Placed on the broad maplewood table
beside bottles of cognac
there is a recording device
with a silver megaphone
into which natives are often
invited to shout
the oral histories of their people.

We whose hearts have been gripped
by life, scoff at the idea of art

as mere ornamentation: So they
seem to proclaim,
the three statues that adorn
the neighbor's lawn, plaster deer
with real bulletholes in them.

"At the Cottage of Messer Violi" by Paul Violi, from Breakers. © Coffee House Press, 2000. Reprinted with the permission. (buy now)

It's the birthday of the popular historian David McCullough (books by this author), born in Pittsburgh, Pennsylvania (1933). His first big book was Truman (1992), one of the best-selling biographies ever published. The sales were even greater for his biography John Adams, in 2001. Both books won the Pulitzer Prize.

David McCullough said: "History is about life. It's awful when the life is squeezed out of it and there's no flavor left, no uncertainties, no horsing around. It always disturbed me how many biographers never gave their subjects a chance to eat. You can tell a lot about people by how they eat, what they eat, and what kind of table manners they have."

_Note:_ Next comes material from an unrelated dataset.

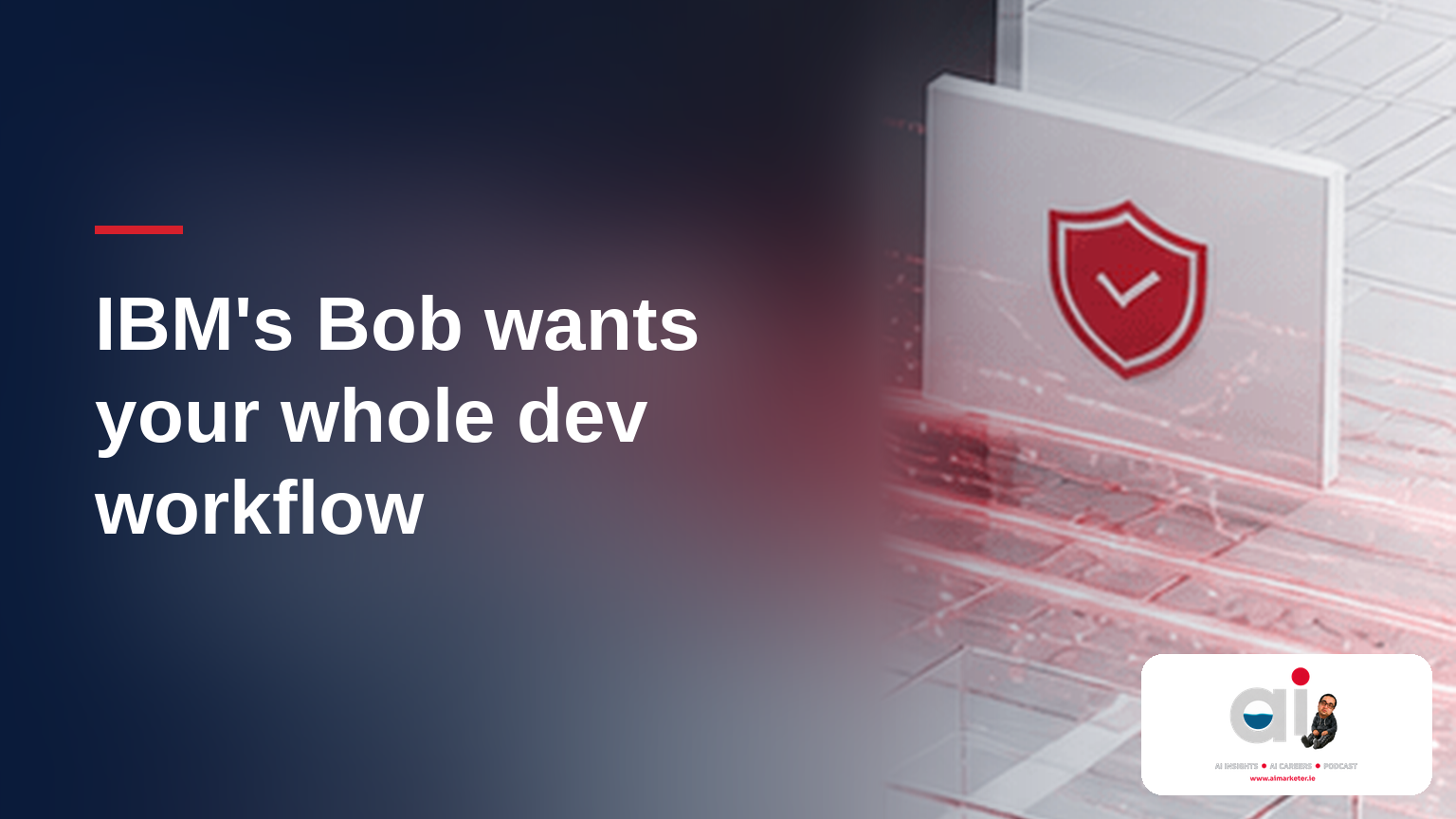 IBM Bob: The Enterprise AI Coding Assistant That Wants to Replace Your Entire Development Workflow — AIMarketeer.ie article cover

Sliced bread was sold for the first time on this date in 1928. Up until that time, consumers baked their own bread, or bought it in solid loaves. Otto Frederick Rohwedder, a jeweler from Davenport, Iowa, had been working for years perfecting an eponymous invention, the Rohwedder Bread Slicer. He tried to sell it to bakeries. They scoffed, and told him that pre-sliced bread would get stale and dry long before it could be eaten. He tried sticking the slices together with hatpins, but it didn't work. Finally he hit on the idea of wrapping the bread in waxed paper after it was sliced. Still no sale, until he took a trip to Chillicothe, Missouri, and met a baker who was willing to take a chance. Frank Bench agreed to try the five-foot-long, three-foot-high slicing and wrapping machine in his bakery. The proclamation went out to kitchens all over Chillicothe, via ads in the daily newspaper: "Announcing: The Greatest Forward Step in the Baking Industry Since Bread was Wrapped — Sliced Kleen Maid Bread." Sales went through the roof. Rohwedder not only gave Americans the gift of convenience and perfect peanut butter and jelly sandwiches, but he also provided the English language with the saying that expresses the ultimate in innovation: "the greatest thing since sliced bread."

It's the birthday of "the dean of science fiction writers," Robert Heinlein (books by this author), born in Butler, Missouri, in 1907. He served in the Navy, but when he got sick and was discharged, he was too weak to get a normal job. So when he saw an ad in a pulp fiction magazine offering $50 for the best story by an unpublished author, he decided to give writing a try. In four days, he had finished a story about a machine that could predict a person's death. It was published in 1939, and he went on to write almost 100 novels and short stories, including his famous novel Stranger in a Strange Land (1961).

Heinlein said: "I took up writing because I needed money. And I continued to write because it's safer than stealing and easier than working."